CALPER Corpus Portal

What is a corpus?

A corpus (plural: corpora) is a principled collection of samples of natural language use, either written or spoken, which are usually stored as computer files. A written corpus can be gathered from a number of sources such as news media, literary works, or personal writings. A spoken corpus can be assembled from tape- or video-recorded narratives, interviews, conversations and the like, which would be transcribed into written texts. The size of a corpus can range from tens of millions of words to a few thousand. Larger corpora are usually required for big research projects such as writing dictionaries and major grammars, but so-called “mini corpora” consisting of several thousands of words can be extremely useful for language teachers. Once a corpus is built, we can use software tools to analyze it and produce word frequency lists, concordances and other useful types of output.

How can corpora be useful for Chinese language teaching?

There are many ways in which language teachers can benefit from language corpora.

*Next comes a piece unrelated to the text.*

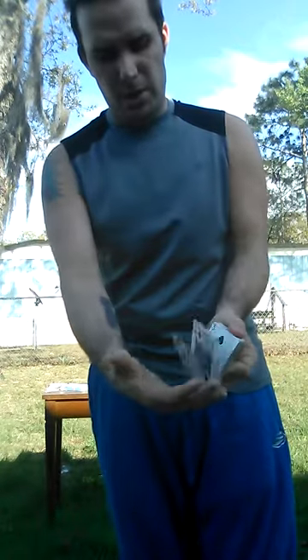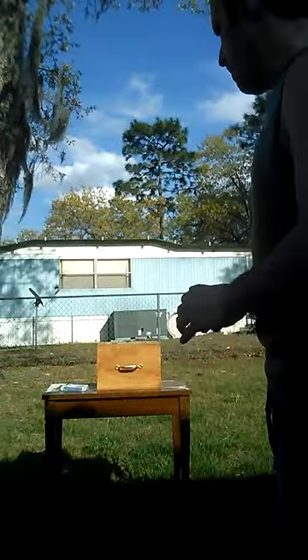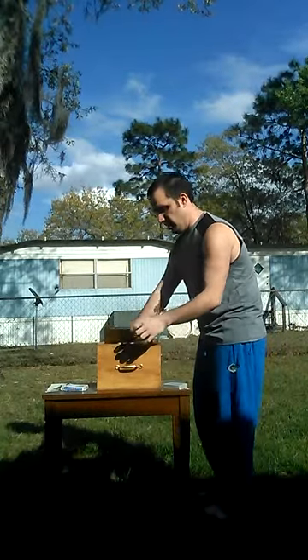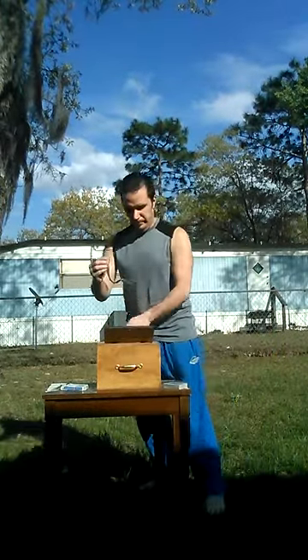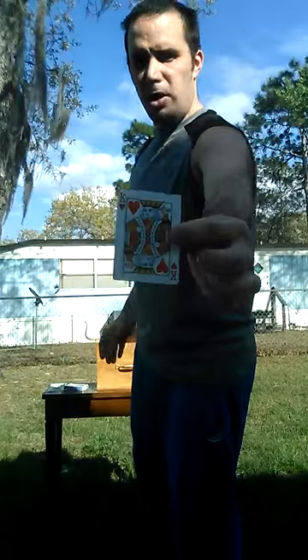What's really cool is I get to do a snap, and your card vanishes completely from the deck of cards. And what's cool is inside that box, I have a card inside with my buddy, which should be your selected card.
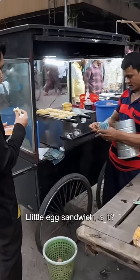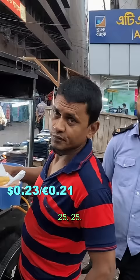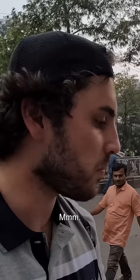Assalamu alaikum, what is this? It's a cake — how much is one piece? Just one piece, 25. And what is inside? It's like an egg sandwich. All right, I'll try it out. This is really sweet — you literally have the egg in the middle, and on the outside it's like a really sweet sugary bun. Very delicious.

For example, from corpora you can find out how frequently words (or characters) are used in different discourse contexts by way of frequency lists. Table 1 below compares the frequency lists of a spoken corpus (conversation) and a written one (newspaper reports), and we can easily tell how they differ in character frequency.

Table 1: Character frequencies in natural language

For one thing, while pronouns wo, ni, ta (我, 你, 他) are common in conversations, they do not appear at all in the first 20 most frequent characters in newspaper reports. Although this finding may seem obvious since news reports are normally impersonal, this type of information is not trivial and can even be very useful for textbook design.

If a textbook is computerized, we can run a frequency list and compare it with those of natural language corpora, as illustrated in Table 2. Here, if we judge only the occurrence of personal pronouns, we can be fairly sure that this particular textbook focuses more on speaking than writing. And indeed the two frequency lists look quite similar, apparently differing only in ranking. However, if we look closer, we can find notable differences regarding the use of certain particles and lexical items, which invite further investigation (e.g. the particle jiu 就is highly frequent in natural conversation but does not appear in the textbook’s list; and the differential frequency of demonstratives zhe 这 and na 那 between the two corpora is also interesting.)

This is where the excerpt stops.